DATASET CONTENT =>
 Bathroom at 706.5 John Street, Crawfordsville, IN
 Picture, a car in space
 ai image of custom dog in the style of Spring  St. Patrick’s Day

EXERCISE BRIEF =>
Please reproduce the entire listing. Keep it identical.

YOUR SOLUTION =>
 Bathroom at 706.5 John Street, Crawfordsville, IN
 Picture, a car in space
 ai image of custom dog in the style of Spring  St. Patrick’s Day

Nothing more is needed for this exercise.